Information provided >>
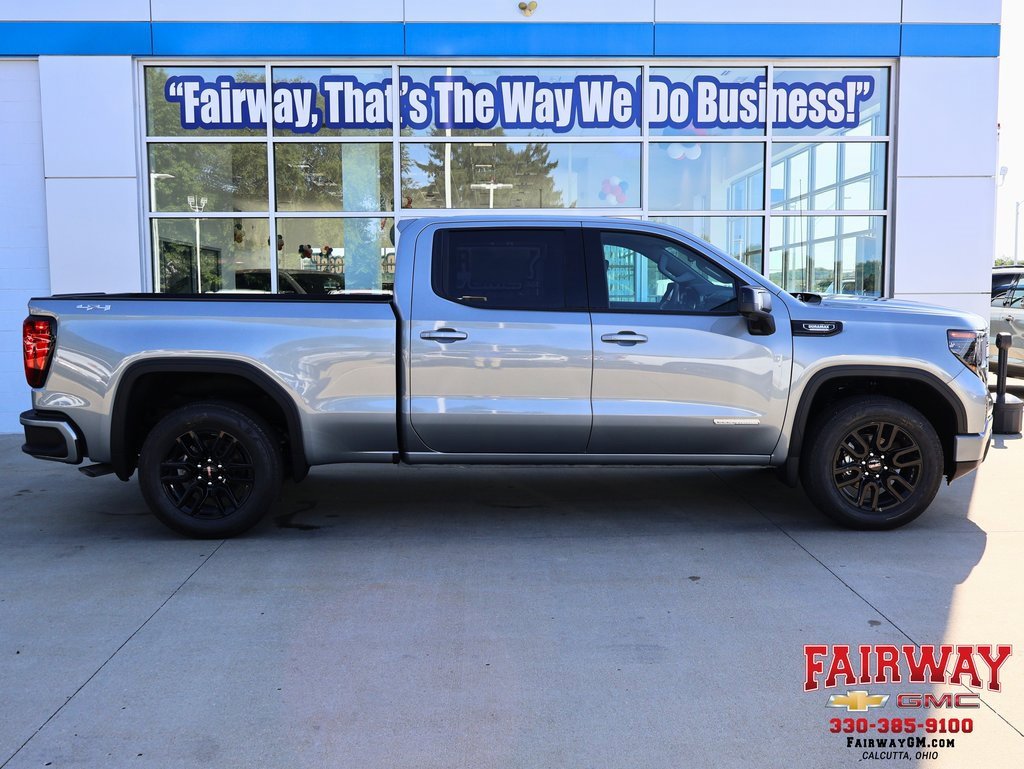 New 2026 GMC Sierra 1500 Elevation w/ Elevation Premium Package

---

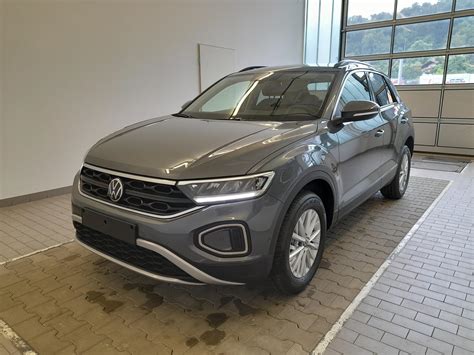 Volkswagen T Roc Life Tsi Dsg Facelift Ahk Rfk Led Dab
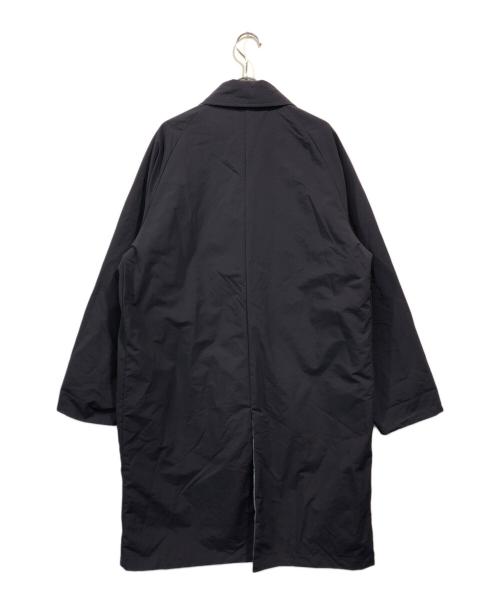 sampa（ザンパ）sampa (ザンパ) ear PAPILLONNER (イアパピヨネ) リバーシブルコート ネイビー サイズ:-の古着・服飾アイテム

Problem to solve >> Leaving pictures out, output the lines of the data above from the one with "Volkswagen T Roc" through the one with "sampa（ザンパ）sampa (ザンパ) ear", word for word.

Problem solution >>
 Volkswagen T Roc Life Tsi Dsg Facelift Ahk Rfk Led Dab
 sampa（ザンパ）sampa (ザンパ) ear PAPILLONNER (イアパピヨネ) リバーシブルコート ネイビー サイズ:-の古着・服飾アイテム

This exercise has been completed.